The Times continues to be in hot pursuit of "moonlighting" BBC figures.
Today they are pointing the finger of accusation at Mishal Husain for taking part in "at least ten private events" organised by the Norwegian gas and oil industry.
(I know, 'The Norwegian gas and oil industry' and 'Mishal Husain' aren't phrases I'd have naturally placed together either!)
According to the paper, environmentalists are complaining that by "profiteering from polluters" she's risking "the BBC's reputation for impartiality", with someone from Extinction Rebellion adding, "This is yet another uncomfortable example of the insidious relationship between fossil fuel companies and the media."
The Times adds, however, "There is no suggestion that Husain breached BBC guidelines."
Indeed.

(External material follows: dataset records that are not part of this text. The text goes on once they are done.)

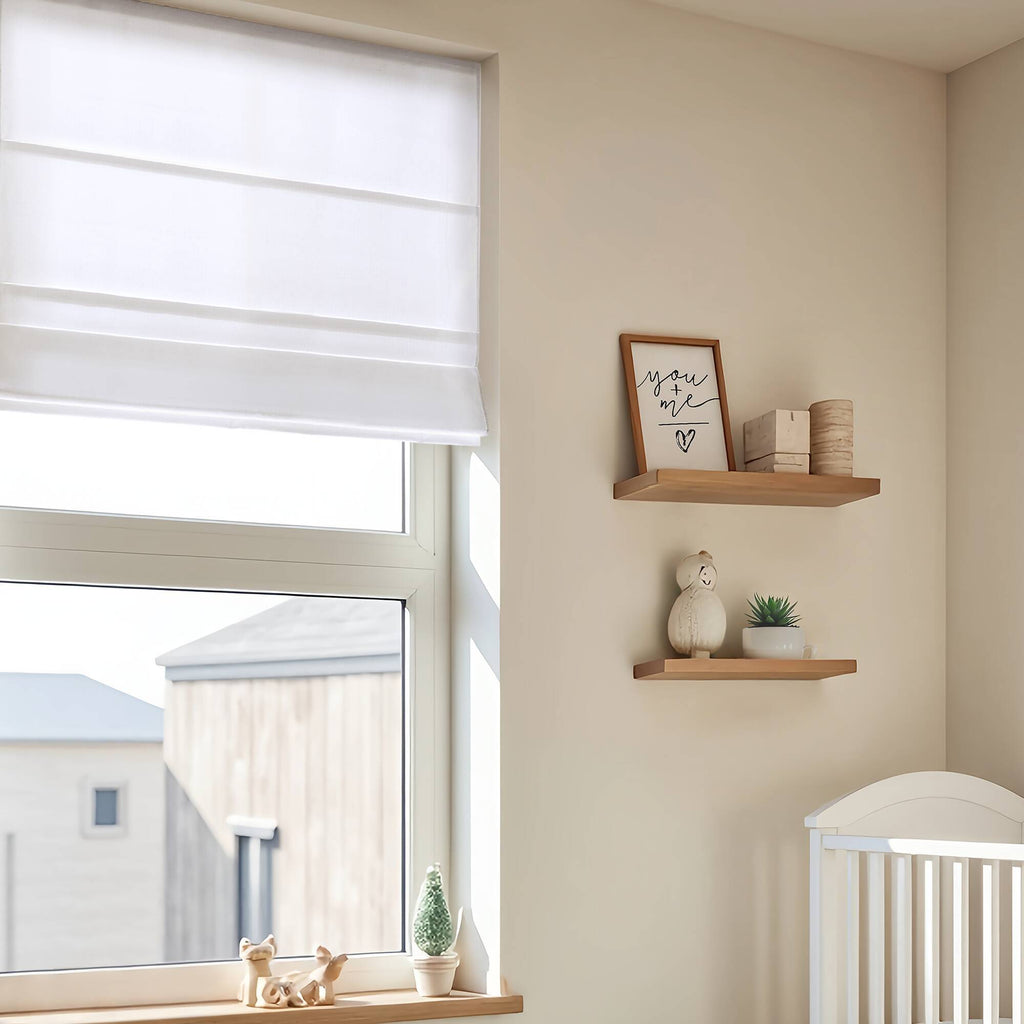 Galen Matte - 34x64" Cordless Roman Blind Galen Matte Fabric - Matte White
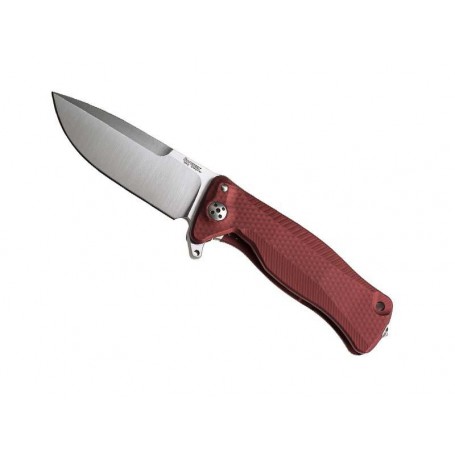 COUTEAU LIONSTEEL SR11 ALUMINIUM ROUGE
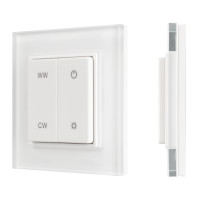 Панель SMART-P49-MIX-G-SUF (3V, 1 зона, Knob, 2.4G) (Arlight, Пластик), 032985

Lots of BBC presenters and journalists moderate at / speak at all manner of conferences, from Evan Davis to Martin Croxall, from John Simpson to Emily Maitlis, Yolande Knell to Mark Urban, etcetera, etcetera, etcetera. (Roger Harrabin, the BBC's environment analyst, for instance, has been doing so for some thirty years now.) They are fully entitled to do so.
So what's the paper's beef with Mishal Husain?:
...However, her willingness to accept money from an industry under fire for its environmental impact raises questions about the potential conflict of interest. She is frequently required to cover climate change on the Today programme and was sent to Sweden in December to interview Greta Thunberg.

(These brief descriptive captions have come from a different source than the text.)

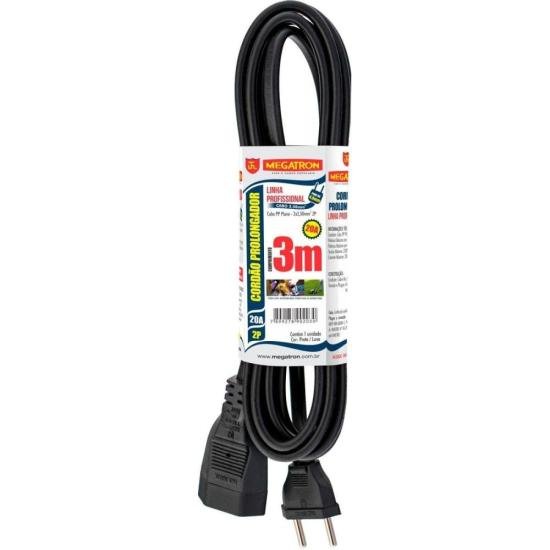 Cabo Prolongador 20A 2P 3 metros MEGATRON por 31,99 à vista no boleto/pix ou parcele em até 1x sem juros. Compre na loja Mundomax!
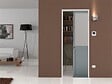GD MENUISERIES - Porte Coulissante Athena Gris Clair Vitrée H204 x L83 cm, Galandage - vignette
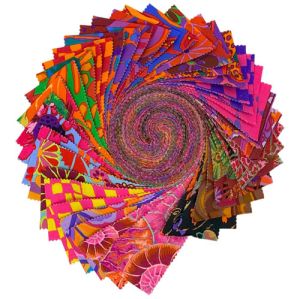 Kaffe Fassett Collective Autumn 2024 2.5" Design Strips, Hot | 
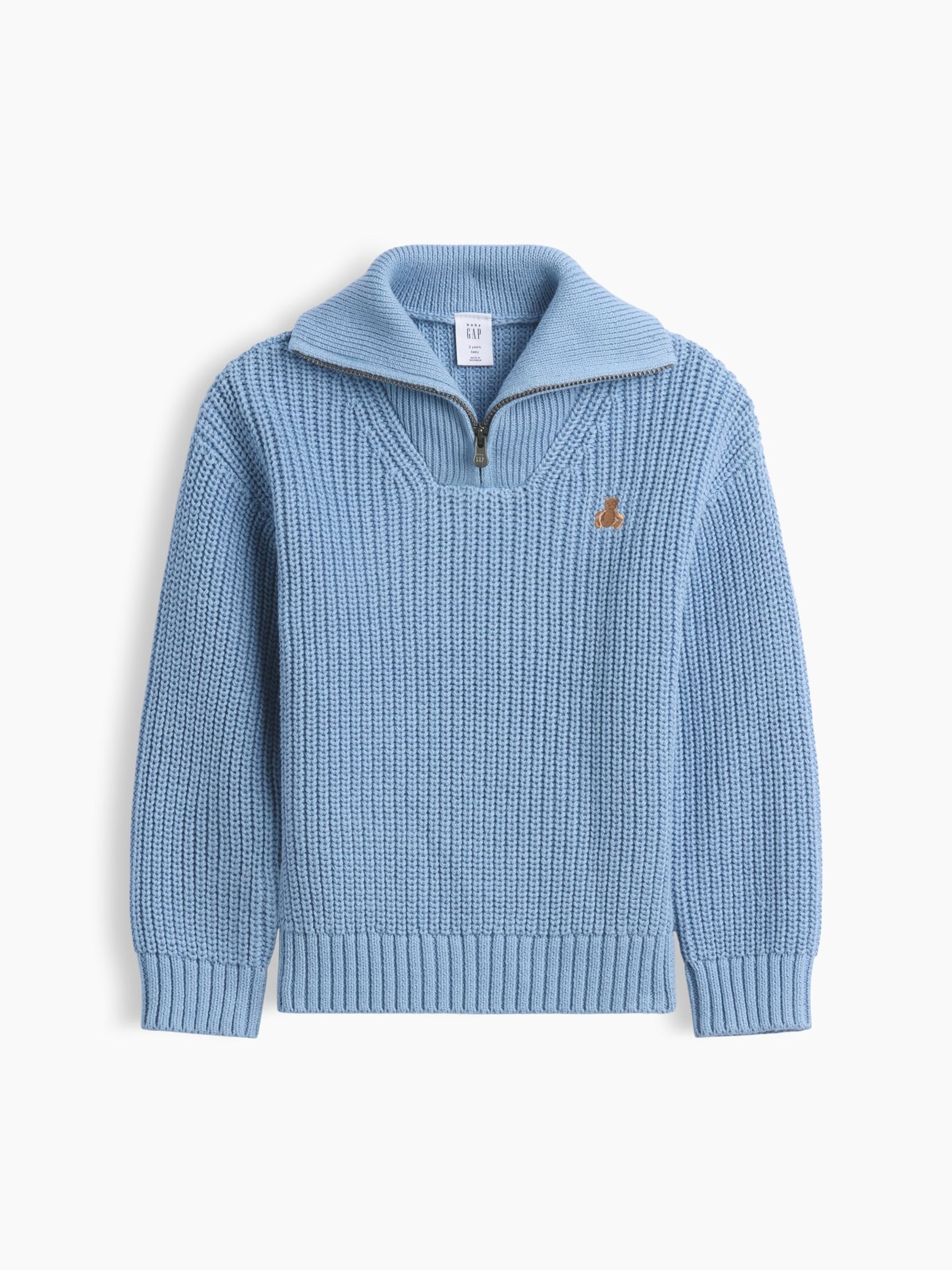 Blue Quarter-Zip Jumper - Image 1 of 2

Hmm, but surely the problem won't arise unless her coverage of climate change on the Today programme turns out to be demonstrably pro-fossil fuels. (Has it been?). Her interview with Greta Thunberg, for one, didn't strike me as being even remotely unsympathetic and she didn't slyly argue for fossil fuels once during it.
In fact, I'm much more worried about "the BBC's reputation for impartiality" when the BBC's Newsnight broadcast an investigative report in partnership with Greenpeace. That struck me as genuinely problematic.